Exercise → Your output should be the lines from the start of the data through the line containing "FYY Extra Large", exactly and nothing more.

(Saved data entries)

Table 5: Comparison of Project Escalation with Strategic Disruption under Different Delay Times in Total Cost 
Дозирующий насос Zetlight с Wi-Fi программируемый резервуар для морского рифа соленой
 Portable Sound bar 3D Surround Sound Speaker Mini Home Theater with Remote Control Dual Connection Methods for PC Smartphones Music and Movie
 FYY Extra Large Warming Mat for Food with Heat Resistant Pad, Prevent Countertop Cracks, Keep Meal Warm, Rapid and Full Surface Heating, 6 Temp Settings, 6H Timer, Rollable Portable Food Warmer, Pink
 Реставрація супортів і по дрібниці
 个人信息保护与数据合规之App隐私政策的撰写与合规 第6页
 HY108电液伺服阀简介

The completed task →
Table 5: Comparison of Project Escalation with Strategic Disruption under Different Delay Times in Total Cost 
Дозирующий насос Zetlight с Wi-Fi программируемый резервуар для морского рифа соленой
 Portable Sound bar 3D Surround Sound Speaker Mini Home Theater with Remote Control Dual Connection Methods for PC Smartphones Music and Movie
 FYY Extra Large Warming Mat for Food with Heat Resistant Pad, Prevent Countertop Cracks, Keep Meal Warm, Rapid and Full Surface Heating, 6 Temp Settings, 6H Timer, Rollable Portable Food Warmer, Pink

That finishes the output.